[time-nuts] reference oscillator input circuit

Mark Spencer mspencer12345 at yahoo.ca
Wed Dec 8 15:57:59 UTC 2010


On a somewhat related note, does any one have any information as to the likely 
performance impact of using a single logic gate to convert a sine wave to a 
pseudo square wave ?    (I discovered one of my scopes doesn't consistently 
accept a sine wave time base input, thru trial and error and rummaging thru my 
junk box I ended up using a 74ALS00 Nand gate to convert a 10 mhz sine wave into 
a somewhat square wave (:  which the scope will reliably use as a reference 
input.)    Extreme accuracy is not really needed in this application but I am 
curious how much jitter I may have introduced.

I'll likely try one of the circuts in the attached link at some point.

Best regards
Mark



----- Original Message ----
From: John Ackermann N8UR <jra at febo.com>
To: Discussion of precise time and frequency measurement <time-nuts at febo.com>
Sent: Wed, December 8, 2010 7:46:12 AM
Subject: Re: [time-nuts] reference oscillator input circuit

Wenzel has some discussion and circuits at:
http://www.wenzel.com/documents/waveform.html.
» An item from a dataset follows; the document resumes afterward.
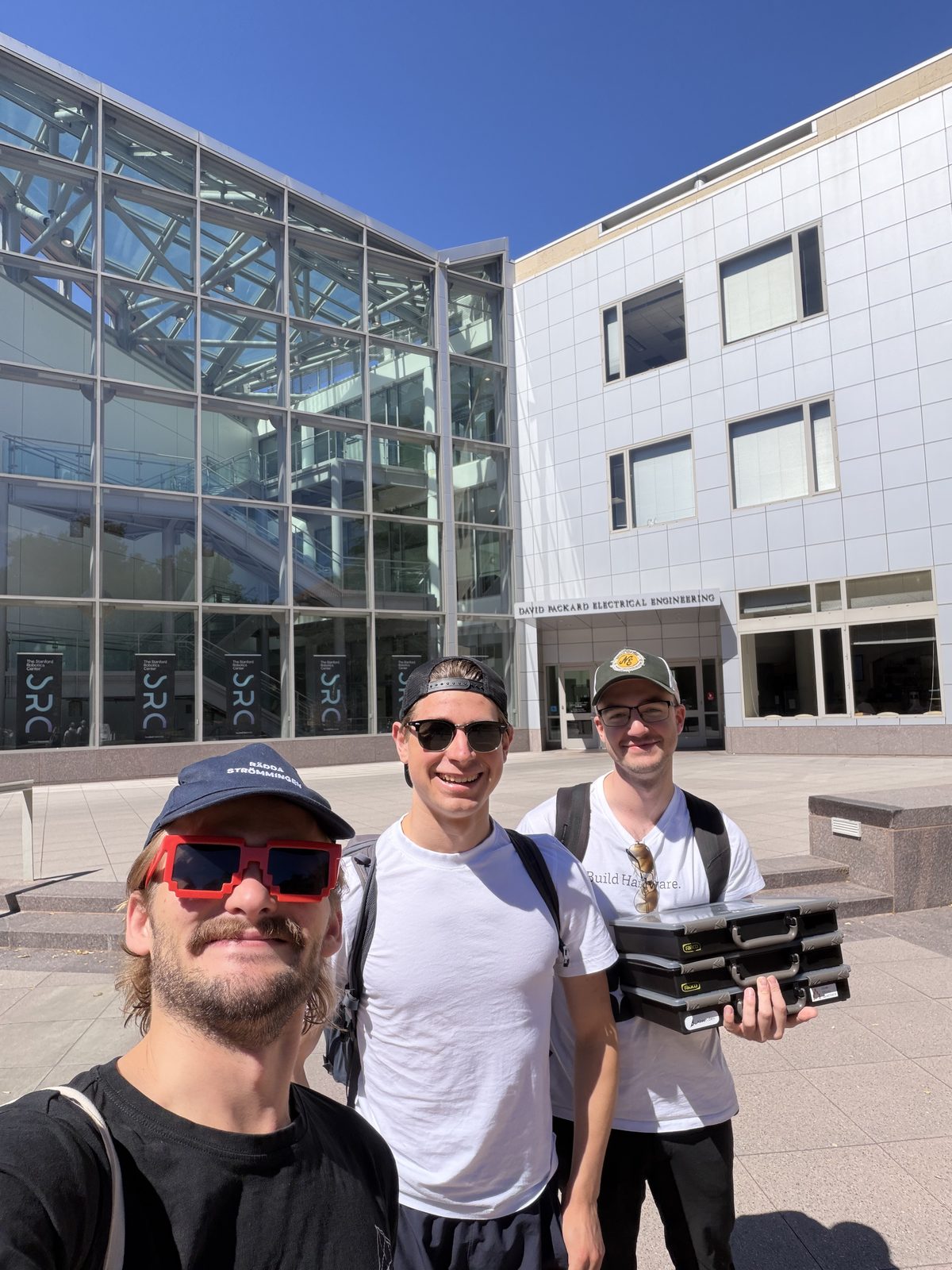 Three of us with kit boxes in front of the Packard building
The Shera GPSDO made clever use of the input circuit of a 74HCT4046 PLL 
chip for squaring.

John
----

On 12/8/2010 10:31 AM, jimlux wrote:
> I'm looking for suggestions on a general circuit that can be used to
> receive an external frequency reference (nominally a real clean sine
> wave at, say, 10 MHz, although up to 100 MHz is possible) and turn it
> into a "real clean" square wave. Galvanic isolation is a plus (a
> transformer or capacitor would probably do that).
>
> I was thinking about rummaging through the schematics for test equipment
> reference inputs (since they've already "solved" the problem, eh?), but
> any other ideas would be welcome.
>
> I've scanned the archives of time-nuts, and while we have a fair amount
> of discussion on how to square up the 1Hz (or 100Hz) in a phase
> noise/ADEV setup, not so much on what to do with the 10 MHz. Rick has
> commented that you don't want to use a comparator. I have the papers by
> Dick, et al, and Collins, as well as all the others.. they tend to be
> looking at the low frequency problem, although the analysis is certainly
> applicable.
>
> I don't know that I'm looking for the whole multiple limiting stages
> scheme in any case.
>
> Oh, as far as performance.. Say the need is to not horribly degrade a
> good quality crystal oscillator... here's a typical set of specs:
> 76 MHz
> 1Hz <-90dBc
> 10Hz <-110dBc
> 100Hz <-120dBc
> 1k-100k <-125dBc
>
> Adevs of the oscillator run from 5E-12 at 0.1 sec, down to 1E-12 at 10
> sec, and back up to 2 E-12 at 1000sec.